Starring: Andy Samberg, Katie Crown, Kelsey Grammer
Director: Nicholas Stoller, Doug Sweetland
Running Time: 87 mins
Storks is an American film about a world of storks which has moved on from delivering babies to becoming a package postage service. However, when a prospective manager and a human orphan stuck in the depot discover a new baby, they must work together to get her delivered to her family.
I absolutely adored this film. Yet another hugely entertaining animation from Warner Bros., Storks is one of the most insane yet absolutely delightful films you’ll see all year. Mixing rapid-fire and random humour with a heartfelt and warm story about family, there was barely a moment where I wasn’t grinning ear-to-ear in this film, making it one of the happiest, funniest and most enjoyable animations I’ve seen in quite a while.

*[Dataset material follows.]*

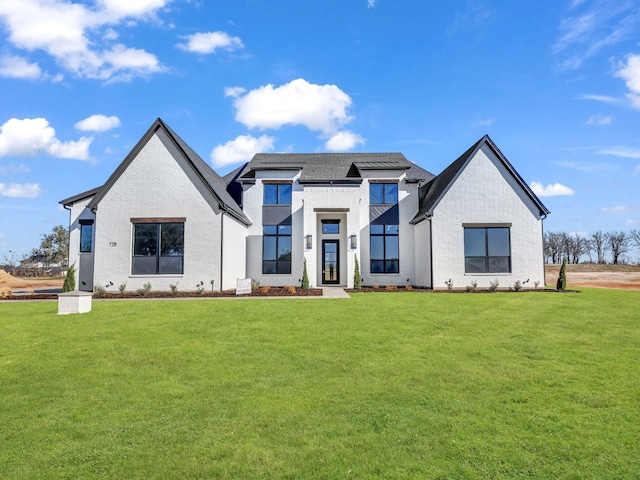 modern farmhouse featuring a front lawn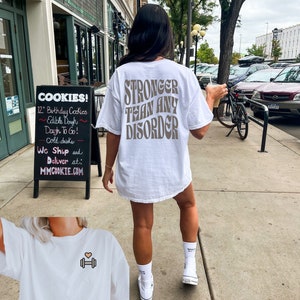 May include: White t-shirt with the text "STRONGER THAN ANY DISORDER" printed in brown on the back. A second white t-shirt with a small pink heart and a dumbbell graphic is shown in the foreground.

Over the course of this film, the level of comedy changes quite significantly, but I want to start off by talking about the first two-thirds. Simply put, the humour during this part of the movie is utterly insane. Not only incredibly rapid and frantic, the sheer randomness of everything that happens on screen is at times bewildering to see, from a nerdy chicken with a jet pack to a pack of wolves turning into a submarine, there are literally no bounds to what this film will come up with, but that makes for massive laughs time and time again.
What’s brilliant is that this film knows how silly it wants to be, and that gives it a real confidence in the delivery of the insane brand of humour. It might not be everyone’s cup of tea, but I guarantee that so many kids will love every second of it, and even adults can have a huge amount of fun too if they approach with the right attitude. Don’t expect this to be a Pixar classic, because that’s not what it’s trying to be. If you’re prepared to sit back and be hit with a barrage of utterly hilarious madness, then this film will be a massively entertaining watch.
That brand of ridiculous comedy is by far the film’s best feature, and it keeps it consistently entertaining and funny for the best part of an hour. There is a brief moment where it feels a little exhaustive, but that’s fortunately when everything takes a different direction.
Still retaining good humour, the final third of Storks is actually quite an emotional one. It’s not necessarily a tearjerker, however the final act’s heavy emphasis on family values and unity is exceptionally heartwarming to watch, and added an impressive level of depth to the characters and story as the film comes to a close, making it an even more wonderful watch beyond the hilarious comedy.
Finally, I want to quickly talk about the performances. Andy Samberg and Katie Crown are simply fantastic in the central roles, with excellent chemistry throughout, and fantastic comedic prowess at every moment. Along with the leads, the likes of Kelsey Grammer and Stephen Kramer Glickman provide some hugely entertaining voice performances for supporting characters, giving the film even more vibrancy and energy wherever you look.
Overall, I thought Storks was an absolutely brilliant film. Principally a hilarious and utterly insane family comedy, featuring bewildering humour, crazy animation and hilarious voice performances, it adds another level of delight in its final act with a heartfelt and happy climax, so that’s why I’m giving it an 8.3.